[Opening LISTED ENTRIES section]
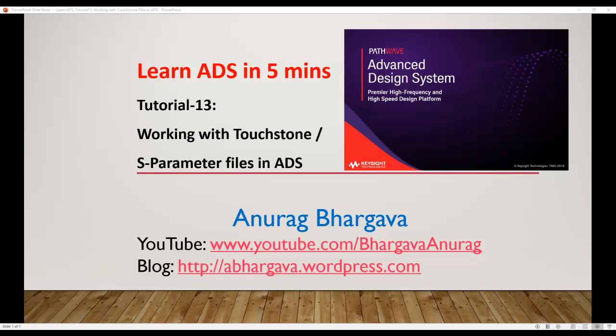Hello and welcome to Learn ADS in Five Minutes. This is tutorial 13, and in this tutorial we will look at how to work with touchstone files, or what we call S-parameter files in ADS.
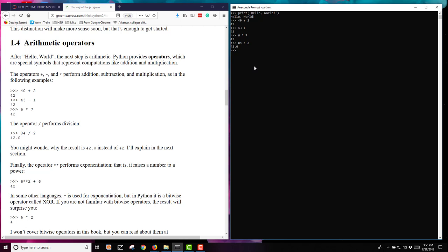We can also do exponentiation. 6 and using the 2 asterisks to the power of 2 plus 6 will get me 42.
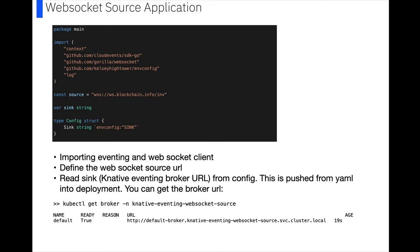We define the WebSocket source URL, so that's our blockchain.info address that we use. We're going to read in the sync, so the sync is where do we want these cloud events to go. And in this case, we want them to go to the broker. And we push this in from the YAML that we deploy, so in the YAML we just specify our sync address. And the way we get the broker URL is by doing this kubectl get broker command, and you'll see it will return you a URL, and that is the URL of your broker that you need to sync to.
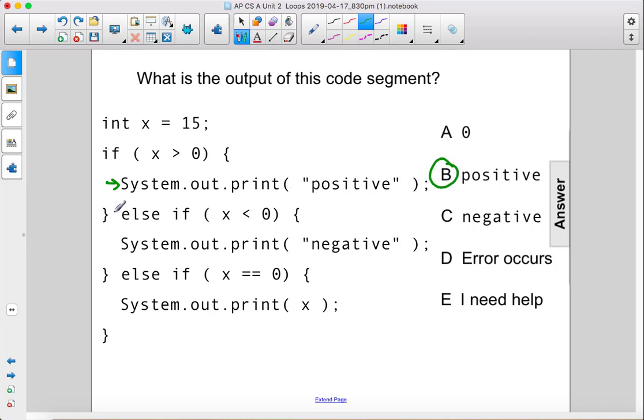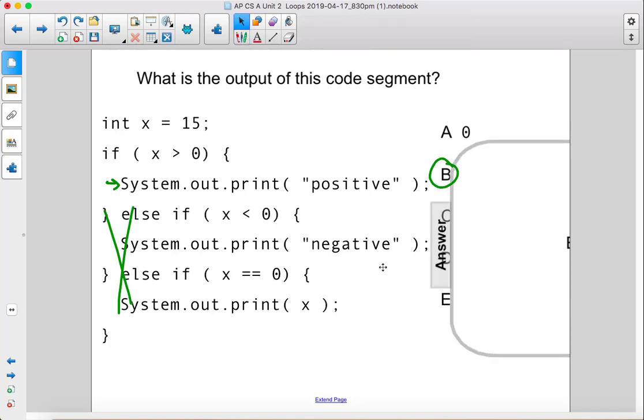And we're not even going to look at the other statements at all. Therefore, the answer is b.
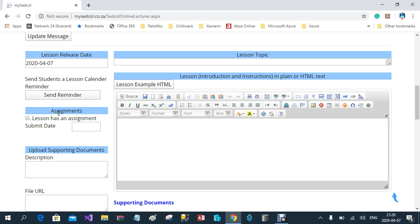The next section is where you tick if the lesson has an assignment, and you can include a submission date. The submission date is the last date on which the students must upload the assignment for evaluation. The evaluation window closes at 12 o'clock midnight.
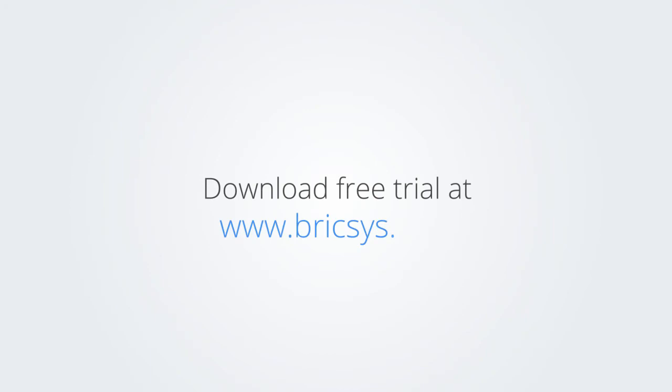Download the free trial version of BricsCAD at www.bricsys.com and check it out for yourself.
[Closing LISTED ENTRIES section]
Output all the records, word for word, with no pictures in the copy.

▶ _SOLUTION TO THE PROBLEM_:
Hello and welcome to Learn ADS in Five Minutes. This is tutorial 13, and in this tutorial we will look at how to work with touchstone files, or what we call S-parameter files in ADS.
We can also do exponentiation. 6 and using the 2 asterisks to the power of 2 plus 6 will get me 42.
We define the WebSocket source URL, so that's our blockchain.info address that we use. We're going to read in the sync, so the sync is where do we want these cloud events to go. And in this case, we want them to go to the broker. And we push this in from the YAML that we deploy, so in the YAML we just specify our sync address. And the way we get the broker URL is by doing this kubectl get broker command, and you'll see it will return you a URL, and that is the URL of your broker that you need to sync to.
And we're not even going to look at the other statements at all. Therefore, the answer is b.
The next section is where you tick if the lesson has an assignment, and you can include a submission date. The submission date is the last date on which the students must upload the assignment for evaluation. The evaluation window closes at 12 o'clock midnight.
Download the free trial version of BricsCAD at www.bricsys.com and check it out for yourself.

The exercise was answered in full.